体験は転売されにくく、在庫制約からも外せる
販促グッズの発想では、配る対象は手元に残る物になりやすい。ドコモが賞品の中心に据えたのは、スタジアムで試合を観る時間と、応援するクラブのユニフォームを着る体験だった。ユニフォームは物だが、価値は生地ではなく「特定のクラブを応援する」行為の側にある。当選者だけへ手配する体験型なら、話題の規模と実際のコストを切り離せる。試合観戦やユニフォームのように「その場でしか得られない体験」は転売や横流しが起きにくく、物販景品よりブランド毀損のリスクも小さい。
全60クラブ網羅が三層の来場者を自分ごとにする
全60クラブを網羅した点が効いている。Jリーグは2026/27シーズンから秋春制へ移り、開幕が8月に前倒しされた。新制度初年度の集客が問われる局面で、大型プレゼントは各クラブの来場動機を補強する。サポーター層は、抽選対象が自分の応援クラブに限られない網羅型のため、SNSで「応募した」報告が広がりやすい。サッカーに関心が薄い一般契約者もdポイント枠から応募の入口を持てる。

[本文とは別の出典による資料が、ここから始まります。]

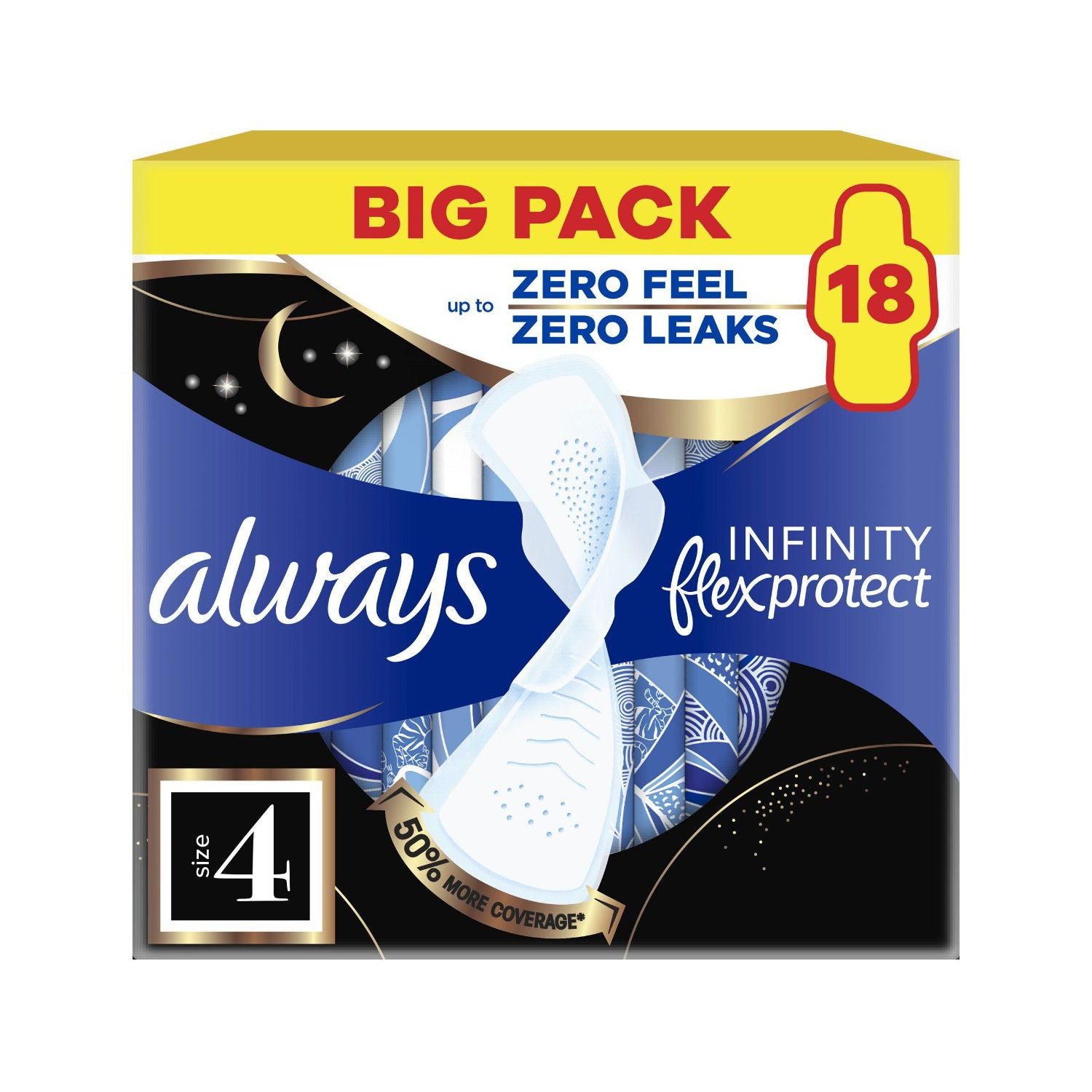 Always sanitary towels Night Extra Size 4 with Wings 18 pads, UK version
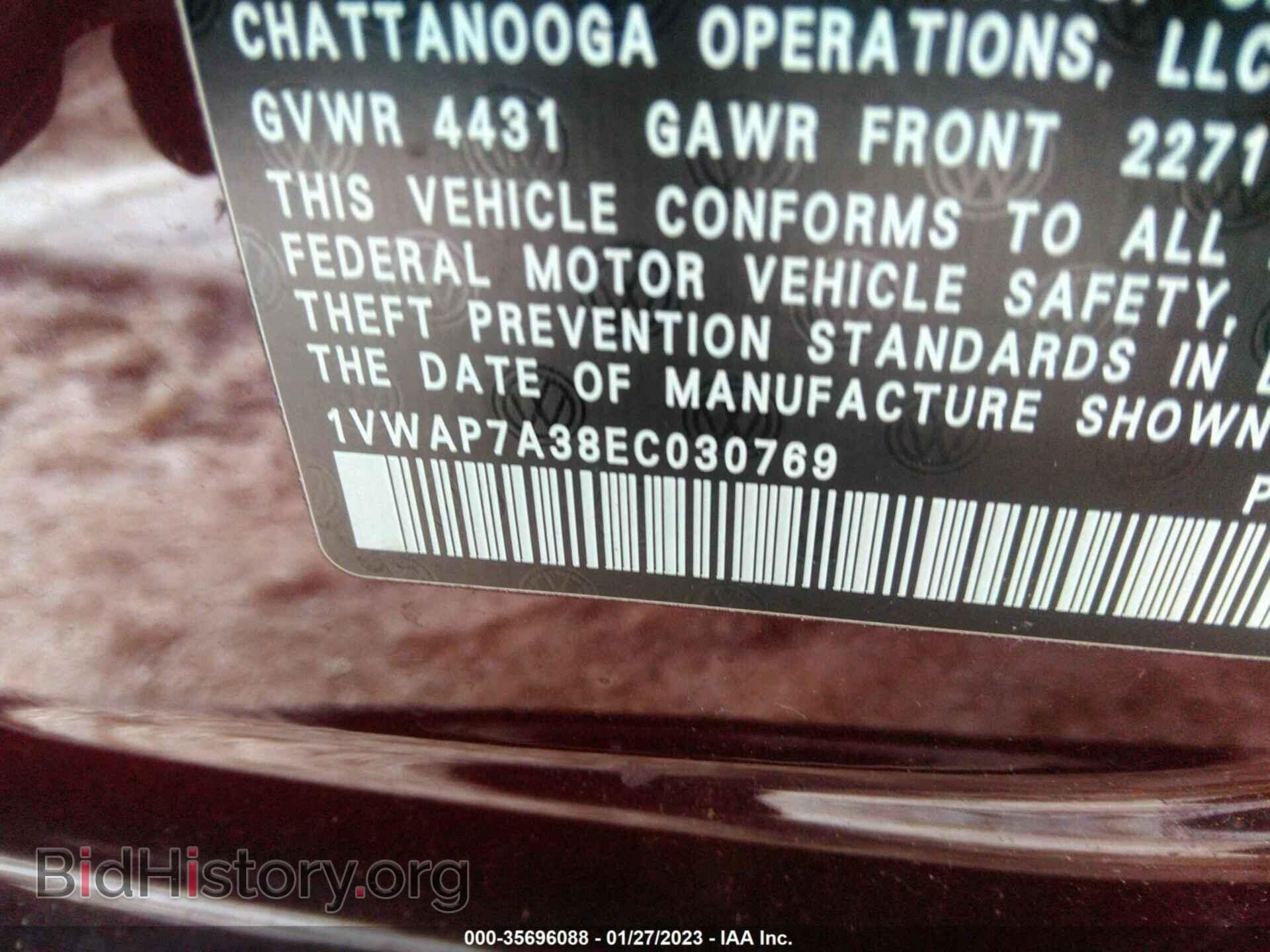 2014 VOLKSWAGEN PASSAT - VIN: 1VWAP7A38EC030769 - Фото 9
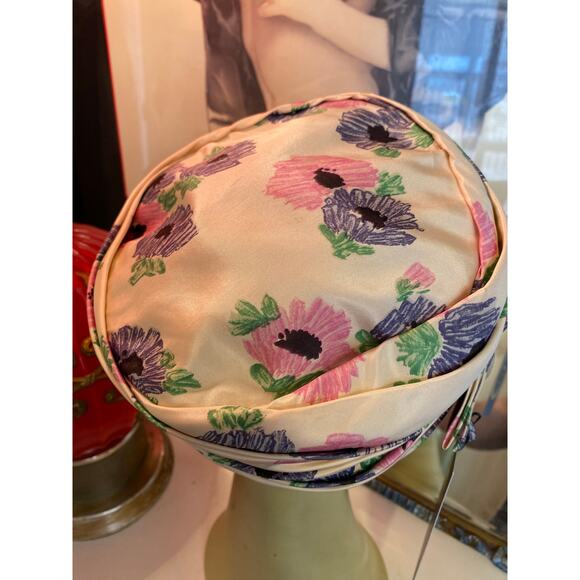 vintage 1960s neiman marcus floral pleated turban hat 60s fashion pillbox mcm main image 6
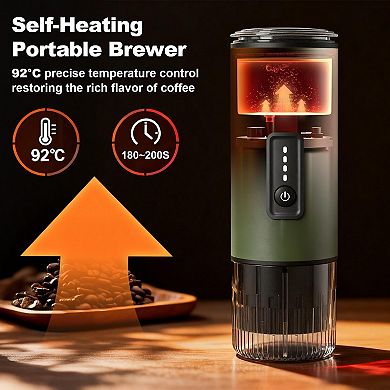 GVODE Rechargeable Electric Portable Espresso Machine 20 Bar, Fits Pods & Ground, Car/ Offfice/ Home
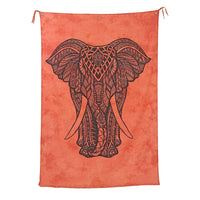 7272337-"100% Cotton Screen Printed Tie Dye Tapestry Wall Hanging Design: Elephant Color: Orange Size: 82x52 inches"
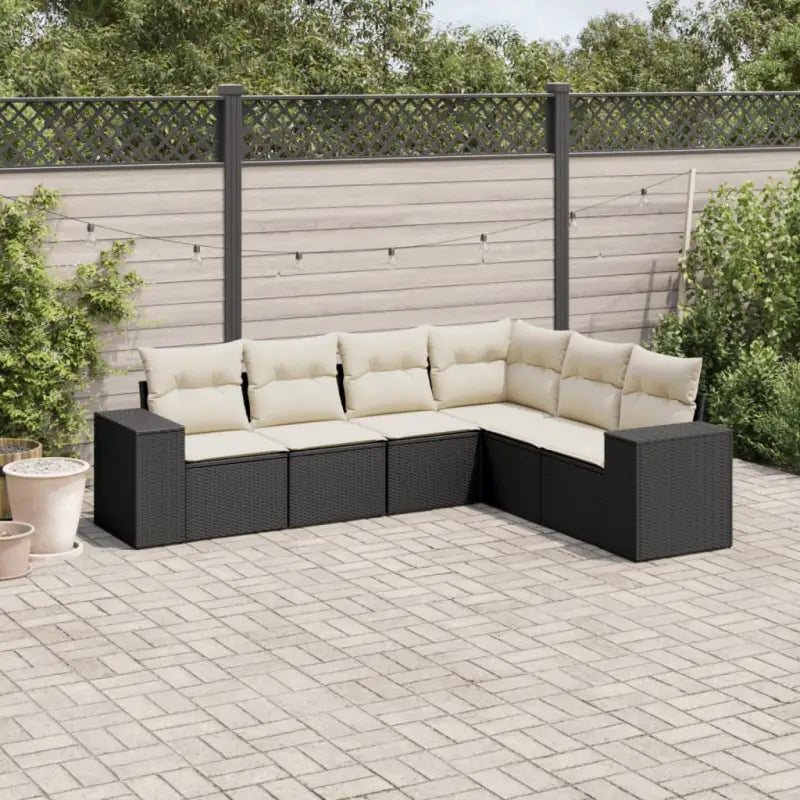 Lounge tuinset met beige materiaal en gepoedercoat staal afmetingen - Zwart en crème / Zonder tafel - Tuinsets
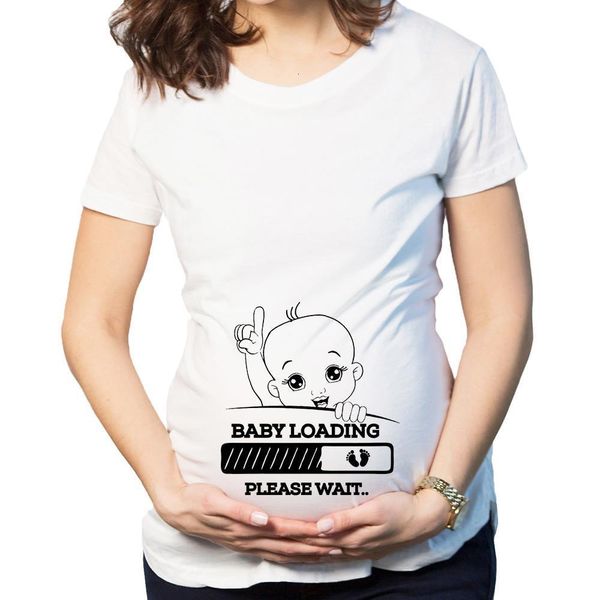 

2021 brand new women pregnancy clothes baby loading pls wait maternity t shirt striped summer short sleeve pregnant t-shirt, White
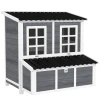 Kippenhok Van Sparrenhout, Kippenhuis Met Nestkast, Pluimveehuis Voor 4 6 Kippen, Waterdicht Dak, 100 X 86 X 100 Cm, Lichtgrijs 1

地域や推しクラブを問わず「自分のクラブが対象に入っている」状態を全員に作り、三層それぞれに入口を用意した。全国区の大手が全クラブを平等に扱う設計は、規模の小さいクラブにも露出機会を配る。
既存顧客への還元で継続理由を情緒から作る
この企画は新規獲得ではなく、対象プラン契約者に絞った既存顧客への還元だ。解約を防ぎ、継続の理由を情緒面から作る狙いが読める。賞品を「自社と関係の薄い高級品」ではなく「顧客が既に好きなもの(応援するクラブ)」に寄せた点も同じ方向で、景品の豪華さより受け手の既存の熱量に乗せる方が、当選後の満足度も発信量も高くなる。地域分散した熱量の高いファンダムを持つスポーツIPが、BtoCの還元設計の受け皿になりやすいことを示す例だ。
体験を賞品にする販促の組み立て
自社の顧客施策に置き換えるなら、まず目的を認知か継続かで切り分ける。物品を配って認知を取る手法と、体験を配って熱量に接続する手法は目的が違う。そのうえで賞品を「量の景品」と「格の景品」に分け、前者で応募数を、後者で話題を作る。賞品は顧客が既に持つ熱量(好きなチーム・作品・地域)に接続し、応募の山を狙う時期に締切を置く。賞品の選び方が「意味」へ軸足を移す流れはノベルティ市場全体でも起きており、当メディアの2026年ノベルティ市場の「意味起点」への転換と地続きだ。ユニフォームを素材として再活用する視点では廃番ユニフォームを周年ノベルティの原料にする事例、独自性の出し方は2026年4月の創造的ブランドノベルティ事例5選も手がかりになる。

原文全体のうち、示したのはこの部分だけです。